TASK OBJECTIVE:
Of the lines in the data below, write out exactly those from the one holding "ZUCCHINI LASAGNA – zucchini lasagna" through the one holding "WEGO グラフィックリンガーT（SS）", both included.

[Items from a data source]
|---|

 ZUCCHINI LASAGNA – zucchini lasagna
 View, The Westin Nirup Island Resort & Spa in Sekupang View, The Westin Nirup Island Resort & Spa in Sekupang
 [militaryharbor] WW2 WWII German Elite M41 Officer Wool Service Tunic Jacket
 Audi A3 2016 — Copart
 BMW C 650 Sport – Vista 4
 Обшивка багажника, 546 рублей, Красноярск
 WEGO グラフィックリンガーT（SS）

|---|

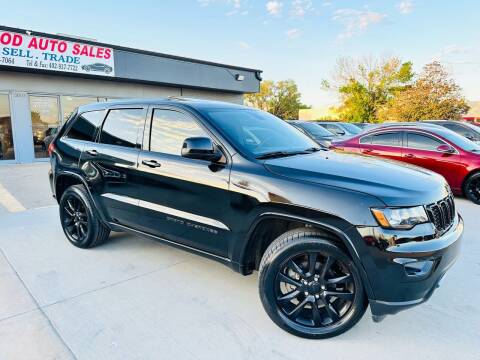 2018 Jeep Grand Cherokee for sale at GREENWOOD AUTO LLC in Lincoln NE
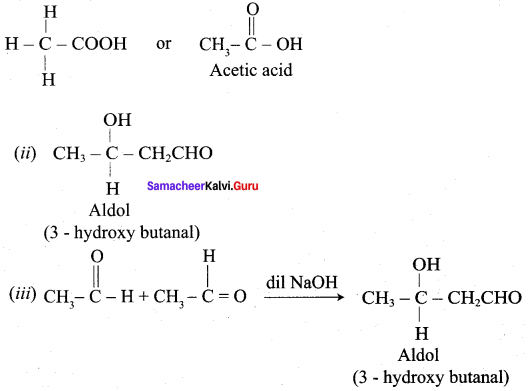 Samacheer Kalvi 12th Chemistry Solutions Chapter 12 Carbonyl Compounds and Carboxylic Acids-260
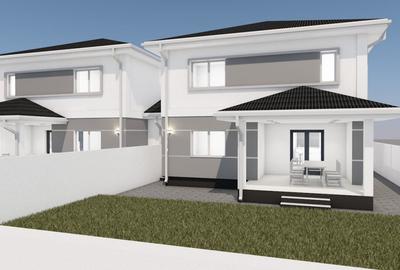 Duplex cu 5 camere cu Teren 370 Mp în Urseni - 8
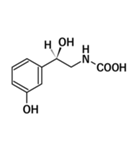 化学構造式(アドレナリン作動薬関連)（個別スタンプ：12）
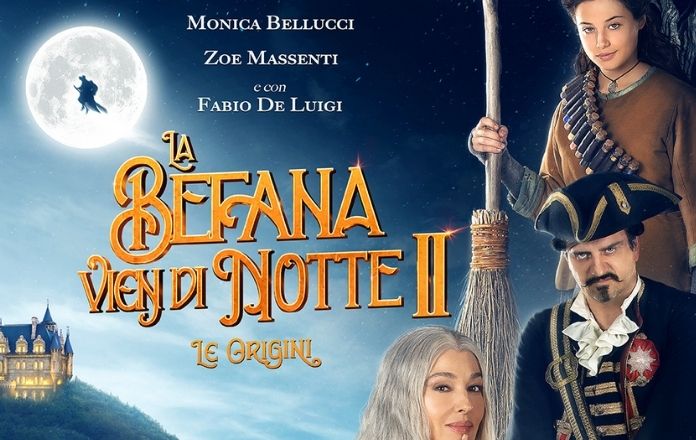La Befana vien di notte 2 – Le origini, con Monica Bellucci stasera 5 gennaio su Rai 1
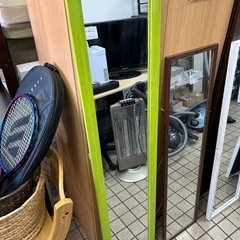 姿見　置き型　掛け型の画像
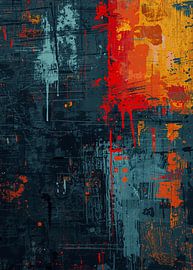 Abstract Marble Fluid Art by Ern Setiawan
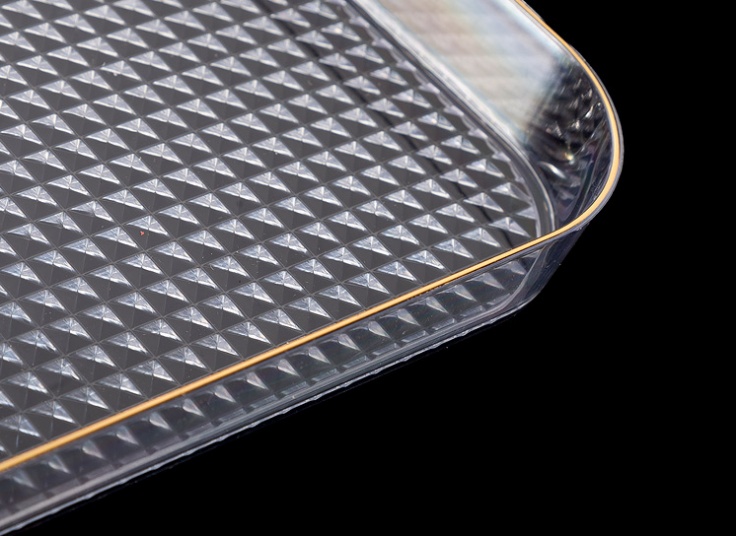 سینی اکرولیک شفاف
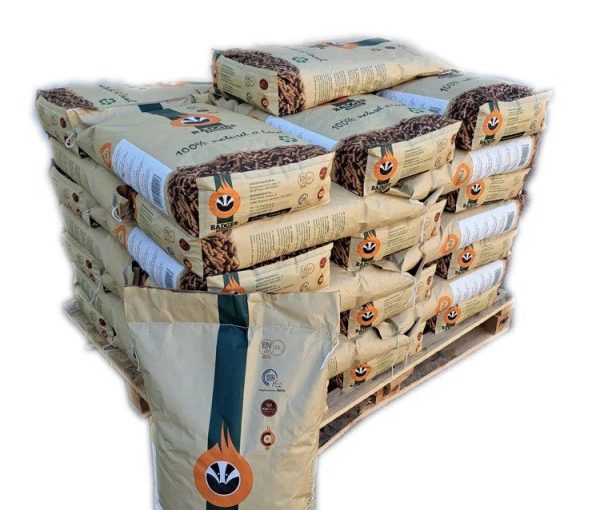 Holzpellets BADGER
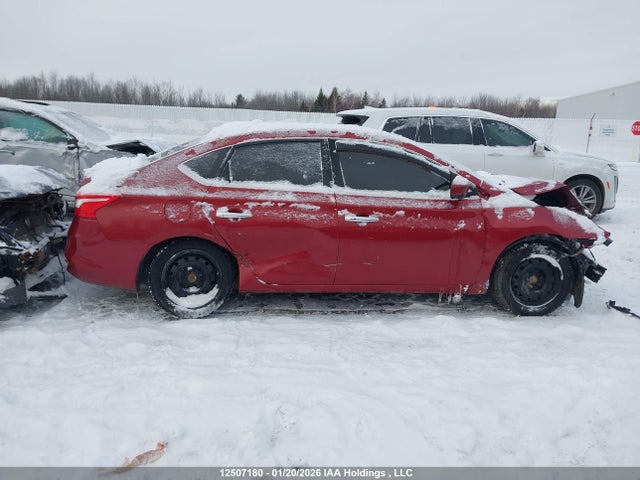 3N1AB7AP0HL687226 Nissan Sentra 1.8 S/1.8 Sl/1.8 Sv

|---|

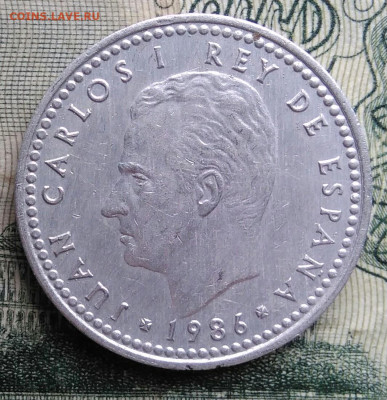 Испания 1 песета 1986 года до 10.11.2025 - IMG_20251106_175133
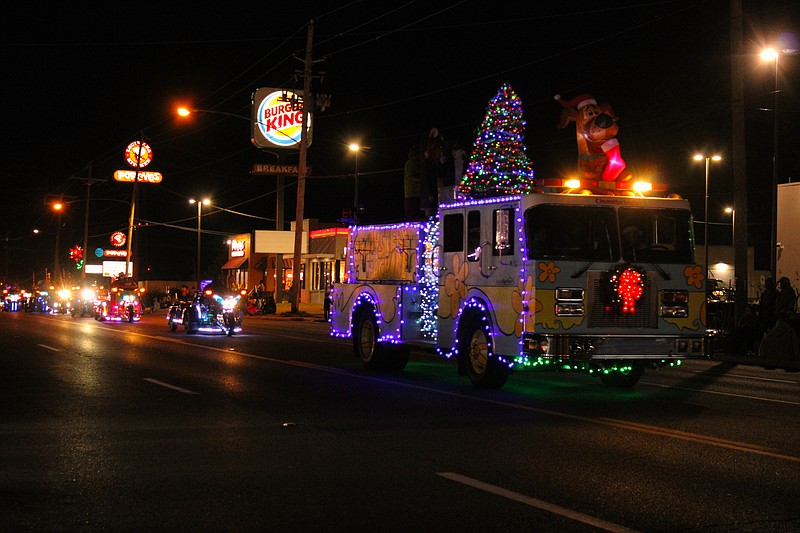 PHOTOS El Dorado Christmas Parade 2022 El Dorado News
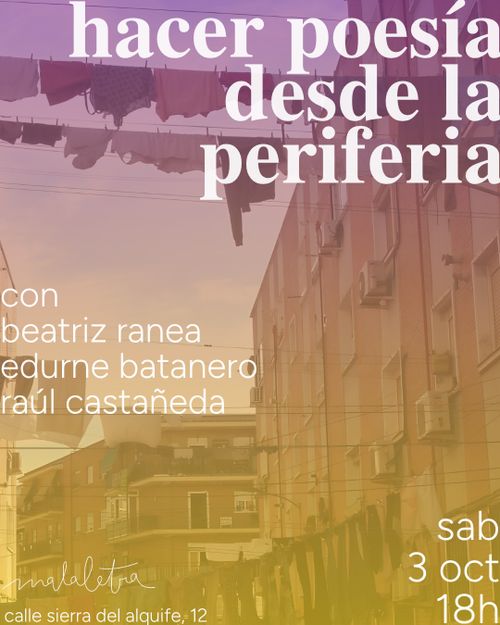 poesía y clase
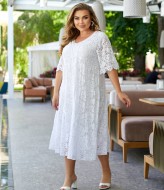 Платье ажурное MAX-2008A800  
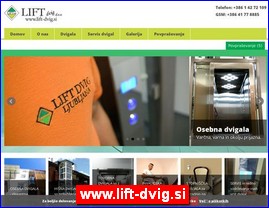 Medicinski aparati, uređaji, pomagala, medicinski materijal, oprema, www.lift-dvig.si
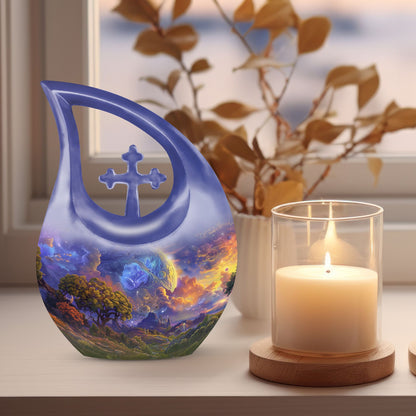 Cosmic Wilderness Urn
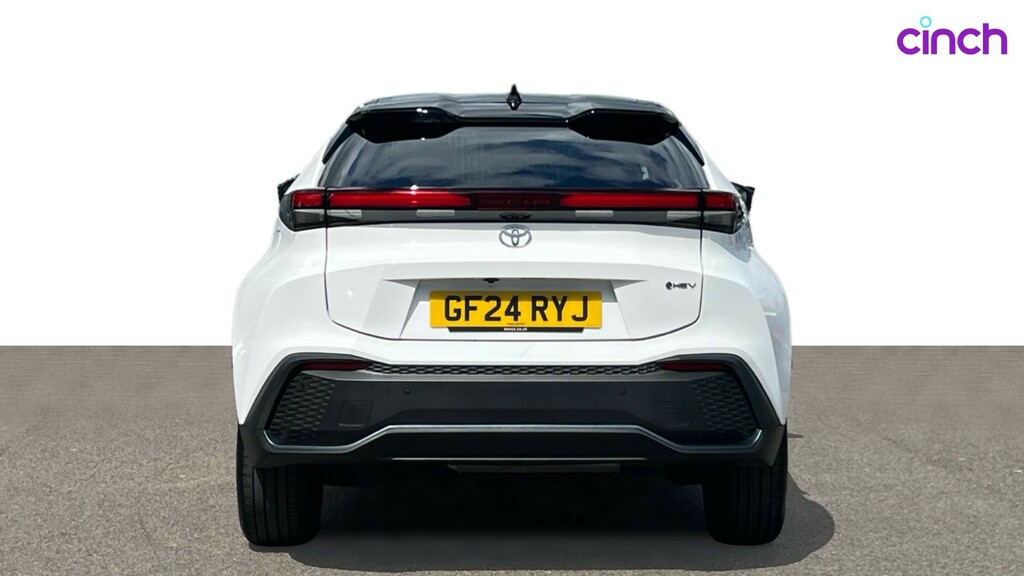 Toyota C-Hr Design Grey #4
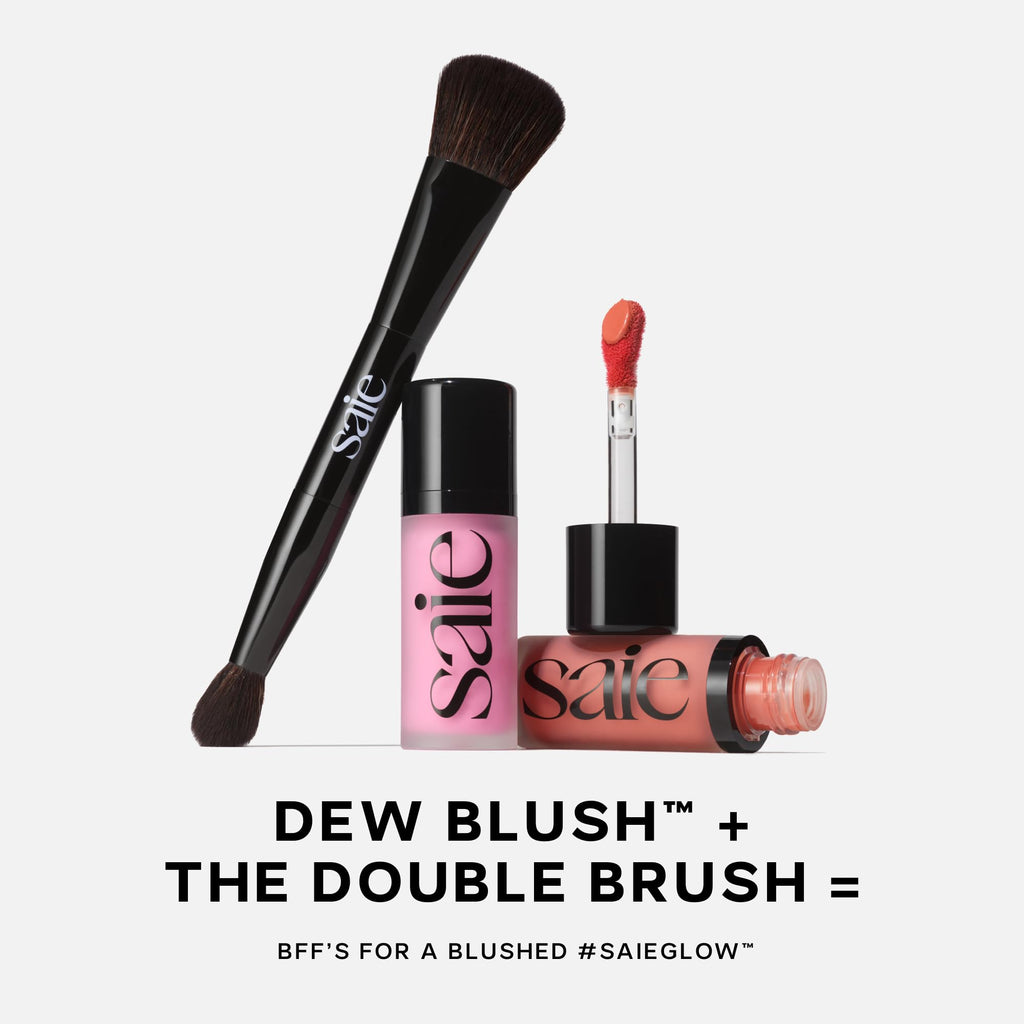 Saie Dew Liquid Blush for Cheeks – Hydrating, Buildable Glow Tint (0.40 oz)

|---|

PROBLEM SOLUTION:
 ZUCCHINI LASAGNA – zucchini lasagna
 View, The Westin Nirup Island Resort & Spa in Sekupang View, The Westin Nirup Island Resort & Spa in Sekupang
 [militaryharbor] WW2 WWII German Elite M41 Officer Wool Service Tunic Jacket
 Audi A3 2016 — Copart
 BMW C 650 Sport – Vista 4
 Обшивка багажника, 546 рублей, Красноярск
 WEGO グラフィックリンガーT（SS）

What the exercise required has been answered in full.